Hue has chosen to be the capital city of the Southern Kingdom by all Nguyen Lords and officially became the capital under Tay Son'reign. For approximately 400 years, Hue has become a great landscape and architectural site. Hue' royal complex has been officially recognized by the UNESCO as a World Heritage Site.

Situated on the Northern bank of the Perfume River, with an area of 500 ha and a system of three circles of ramparts, namely from outside to inside: Kinh Thanh (Capital Citadel), Hoang Thanh (Royal Citadel) and Tu Cam Thanh (Forbidden Citadel).

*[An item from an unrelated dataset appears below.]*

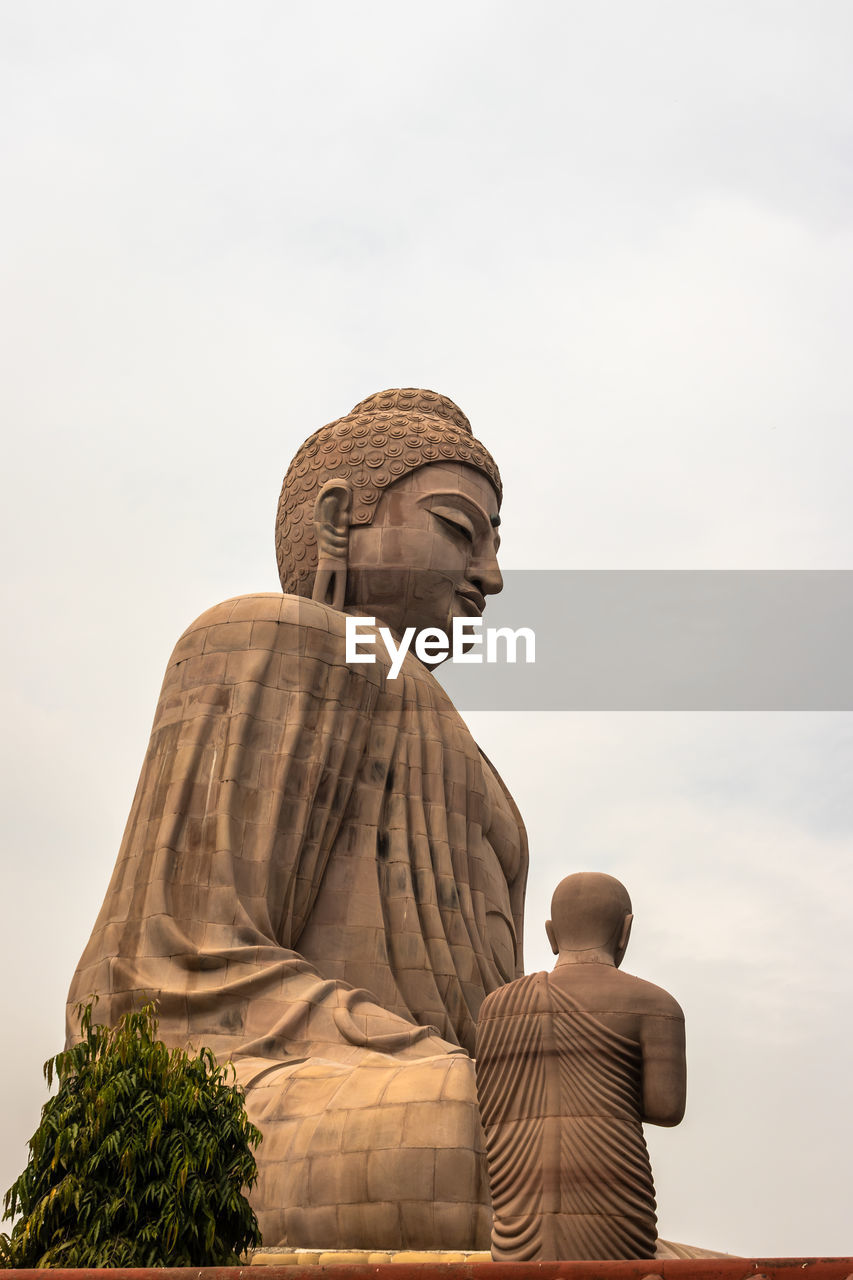 LOW ANGLE VIEW OF STATUE AGAINST CATHEDRAL AGAINST SKY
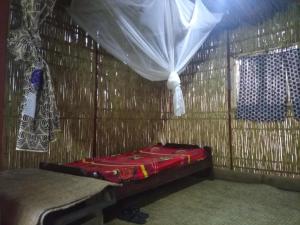 a room with a bed in a straw hut at Red Rocks Rwanda - Bamboo Cottage in Nyakinama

The Ngu Binh Mountain in the South is used as a front screening elevation. The Con Hen and Con Da Vien (both are sand dunes) on the Perfume River are chosen as geomancy condition "dragon on the left, tiger on the right" to protect the capital city.

Kinh Thanh Hue (Hue Capital Citadel):

This construction stared in 1805 under the reign of Emperor Gia Long and completed in 1832 under the reign of Emperor Ming Mang. Under Nguyen' reign, Kings have ordered to build ramparts, palaces and constructional works of royal. Over 200 years to now, it is still original with nearly 140 small and large constructions.

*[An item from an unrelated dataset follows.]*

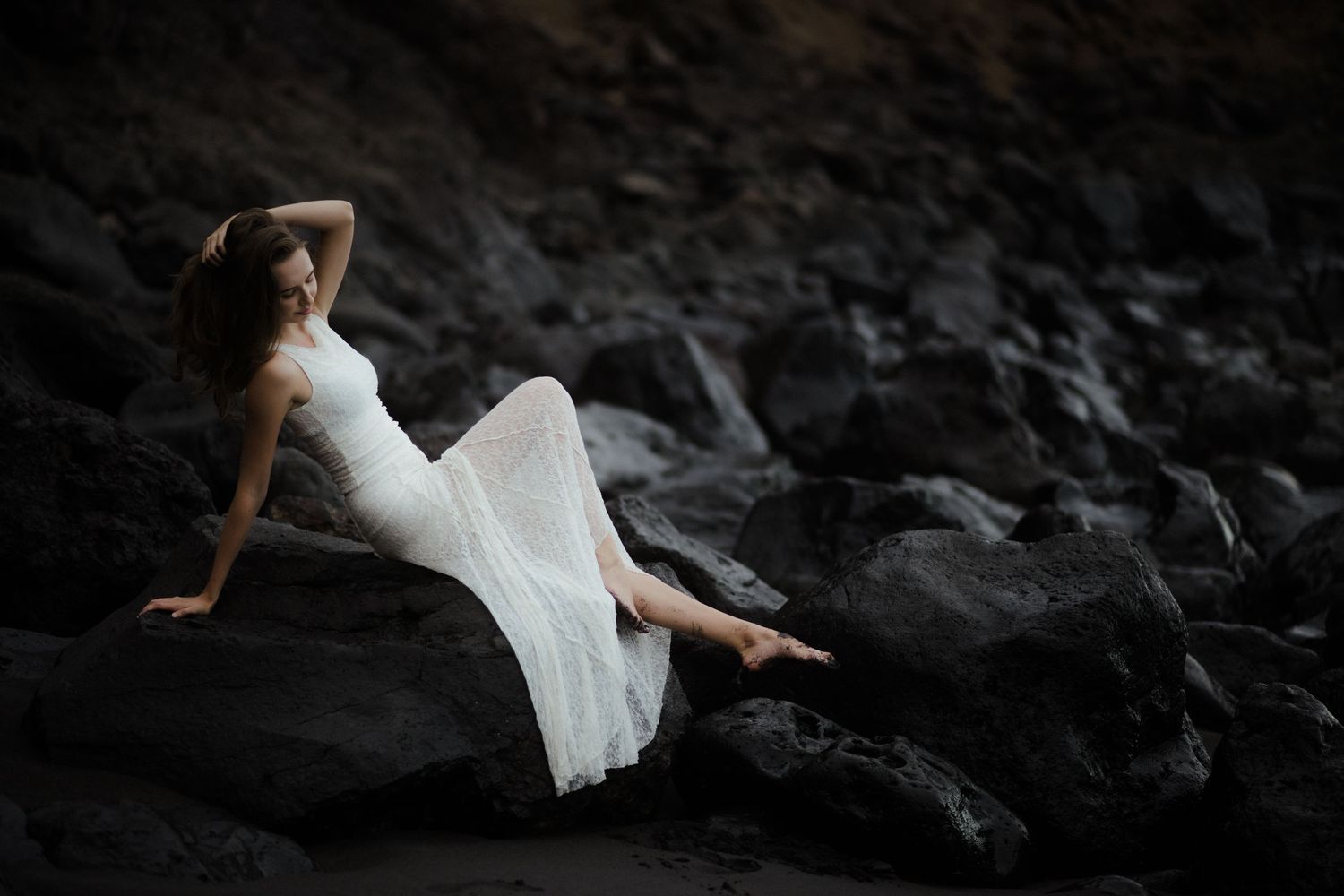 Woman in white dress with pearl earrings gazes upward against rocky backdrop.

The Citadel, square in shape and almost 10 km in circumference, 6 m high, 21 m thick and 10 entrances. On the top of the walls that surround it, 24 bastions are established for defensive purposes. Besides, the Citadel has an ancillary gate connecting the Tran Binh Bastion called the Thai Binh Mon (Peace Gate).

 

Hoang Thanh (Royal Citadel):


The Imperial City is located in the centre of the Citadel where established highest offices of Viet Nam's feudalism and sanctums honouring the cult of decreased Emperors. The Citadel, also has a nearly square form, with more than 600m long for each side, built of brick 4m high, 1m thick, around which is ditched a system of protection trench. Access to the Imperial City can be made by four entrance gates. Noon Gate is only used for the King. Royal Palace consists of more 100 beautiful constructional works divided many sectors.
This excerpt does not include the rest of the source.